## Required action
Set down again, exactly and only, the lines from the one that contains "on a : Group" through the last line of the records below, both included, but not the pictures.

(Records for the task begins)

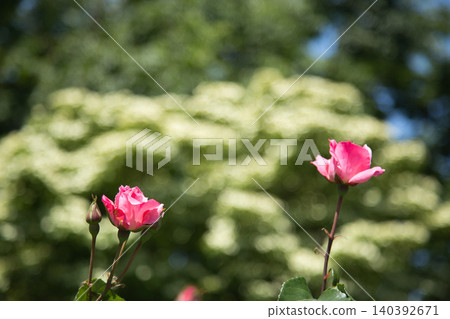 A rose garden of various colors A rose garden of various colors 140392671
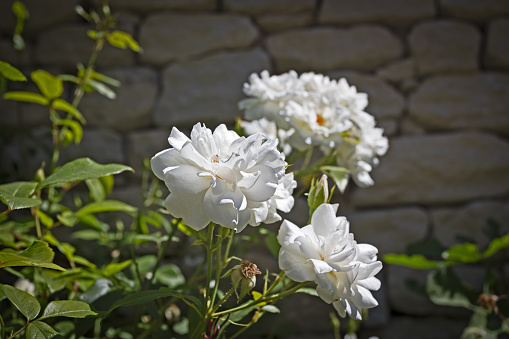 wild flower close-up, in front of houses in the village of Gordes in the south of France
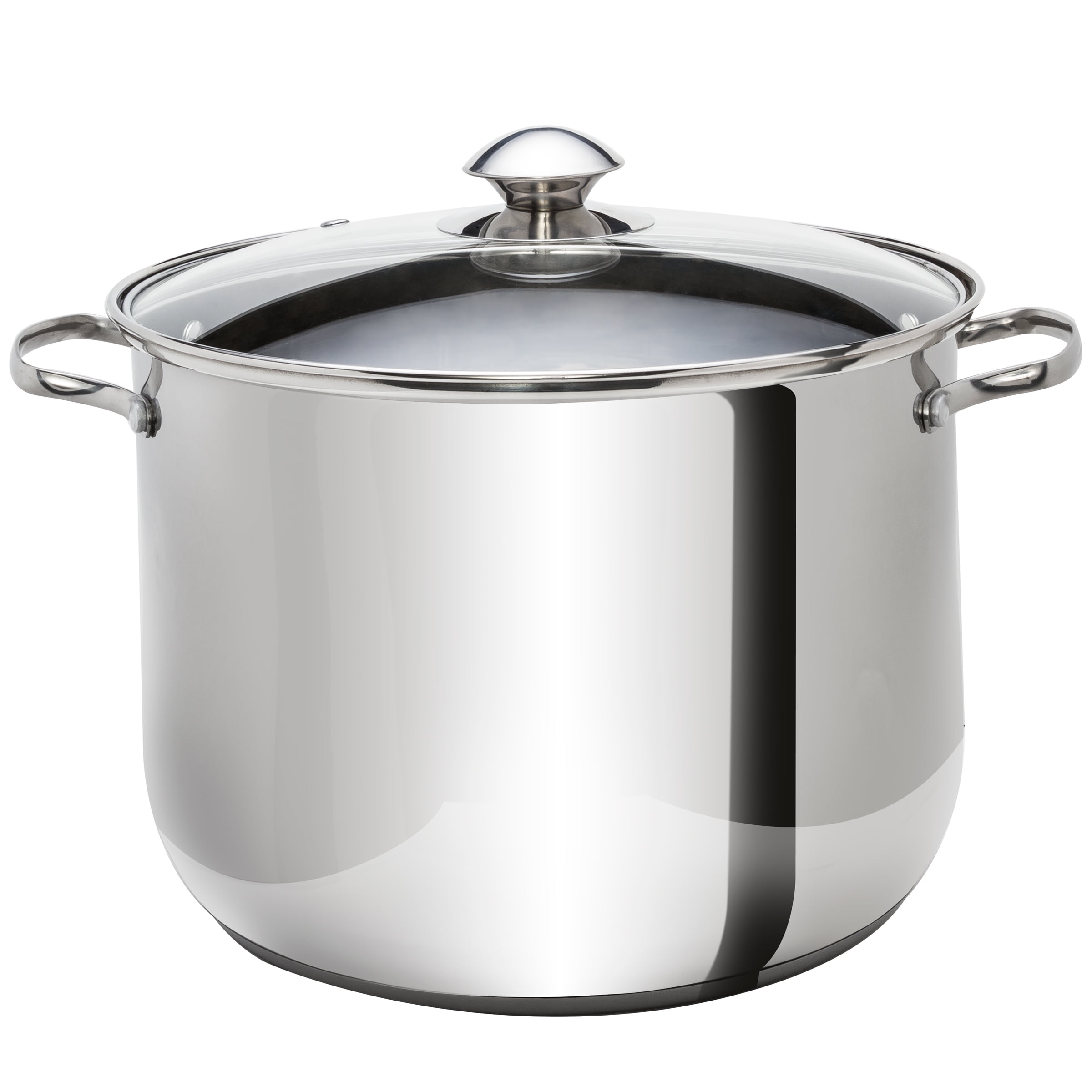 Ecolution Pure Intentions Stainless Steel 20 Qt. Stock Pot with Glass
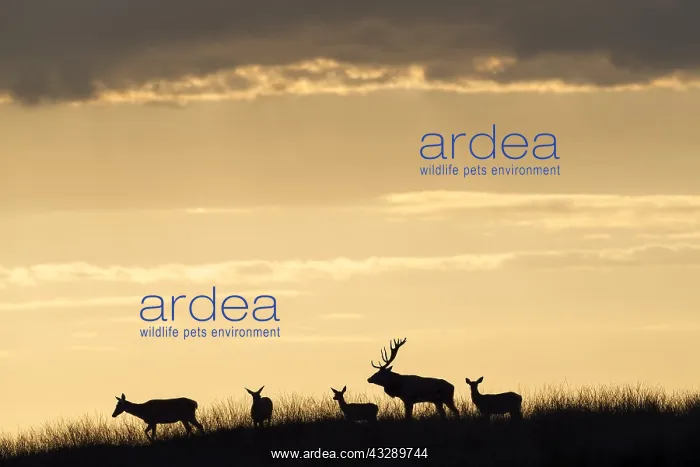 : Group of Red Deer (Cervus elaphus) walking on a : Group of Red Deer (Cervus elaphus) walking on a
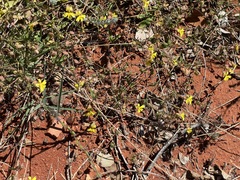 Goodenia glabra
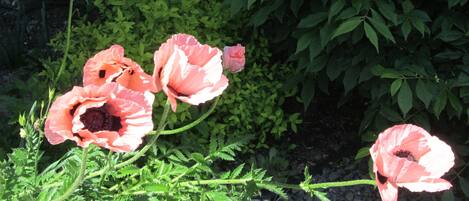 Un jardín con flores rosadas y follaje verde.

(Records for the task ends)

## Solution to this problem
 : Group of Red Deer (Cervus elaphus) walking on a : Group of Red Deer (Cervus elaphus) walking on a
 Goodenia glabra
 Un jardín con flores rosadas y follaje verde.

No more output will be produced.